At VACCO sales of defense spares are expected to be lower in '06 and the T-700 program deliveries have been pushed to '07 due to the timing of demand and current inventory levels at the customer. This causes EBIT to be approximately $4 million lower at VACCO.
Next, as we are in the process of significantly upgrading our TWACS software, we will begin amortizing the capitalized portion of this development in '06 which will impact EBIT by approximately $2.2 million. And lastly, although we cannot recognize revenue on the PG&E contract, we will be incurring additional indirect costs such as engineering and R&D associated with this contract and other IOUs in the pipeline that will hit the P&L in '06.
We are required to begin expensing stock options in the first quarter of '06 and we expect the annual EPS impact to be $0.10 to $0.12 a share which is reflected in our guidance. On the governance front, we are nearly complete with the implementation of our 404 certification. As a result of the tremendous effort expended by our dedicated associates throughout the organization, the project to date has gone very well and we feel that we are in excellent shape to be in full compliance when we file our 10-K and annual report next month. I'll be happy to address any specific financial questions during the Q&A and now I'll turn it back over to Vic.
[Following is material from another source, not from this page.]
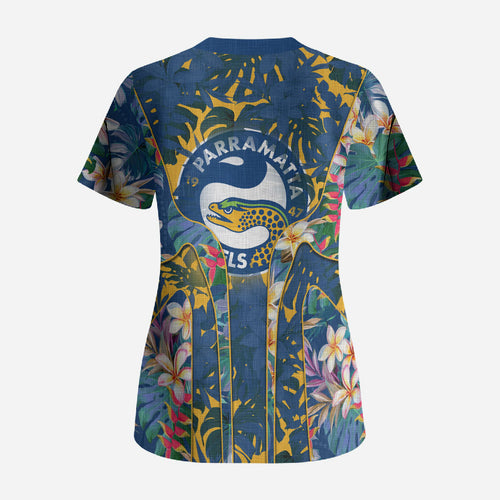 Parramatta Eels Scrub Top Tropical Hibiscus Floral Pattern With Blue And Yellow Accents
Vic Richey - Chairman, CEO
Thanks, Gary. I think the fourth-quarter results were well covered in the release. And as Gary commented, sales and earnings were generally in line with our expectations. And at 19 million our cash flow exceeded expectations. My comments will focus on what we see going forward.
At the highest level, while I'm disappointed with our '06 outlook, I'm extremely enthused about the foundation we have to deliver a very strong '07. While I would have preferred we made more level progress toward our stated long-term objectives, the timing of our opportunities have not unfolded that way. Most importantly, though, as we look beyond '06 we have programs in hand and near-term opportunities that should provide another period of sustained earnings growth at levels well above what we accomplished in '05.
I also want to add that while my view of our longer-term outlook does not require acquisitions, we are actively involved with two opportunities which should further strengthen our position in the utility communications market. I'll briefly cover filtration and tests and then provide a more in-depth view of our communications business.
In filtration we're making adjustments necessary to respond to the current market conditions. The most challenging macro issues are resin prices and softness in the automotive business at Filtertek. In response we've made adjustments to our workforce, we're continuing to move work to our lower-cost facilities and we're working with our customers on both pricing and product cost changes.
At VACCO our biggest challenge with respect to '06 is the volume decline, the single biggest issue being the T-700 program. Our current understanding of the requirements suggests that we will have a production break mid-year '06 before deliveries will resume in '07. At PTI we've taken a number of steps over the past 18 months to reduce our cost and sharpen our focus. The actions we've taken together with in market improvements should allow for continued improvement in our commercial aerospace business. In the aggregate we're facing a down year in filtration in '06. But the actions we have taken and the current market perspective should provide for improved contribution in '07.
Our outlook for the test businesses is for continued improvement in '06 and beyond. We have a market position in an environment which supports that view. Additionally, we're focused on reducing our product cost and I intend to press harder for more leverage at the overhead cost as we grow our sales. Our performance in (indiscernible) attests our continued expansion in Asia, growth in our components and service work and improved execution on our government programs where we experienced some cost problems in '05.
In communications we continue to believe that if we can maintain a strong foundation in the COOP and municipal markets and layer on top of that multiple IOU programs we can deliver substantial increases in performance and shareholder value. When we talk about the COOP market as our foundation we're generally speaking of the COOPS, municipals and the follow on business that grows with our installed base. So how do we see this segment today? The COOP market has continued to build out, the municipal market's option is accelerating and our installed base is growing.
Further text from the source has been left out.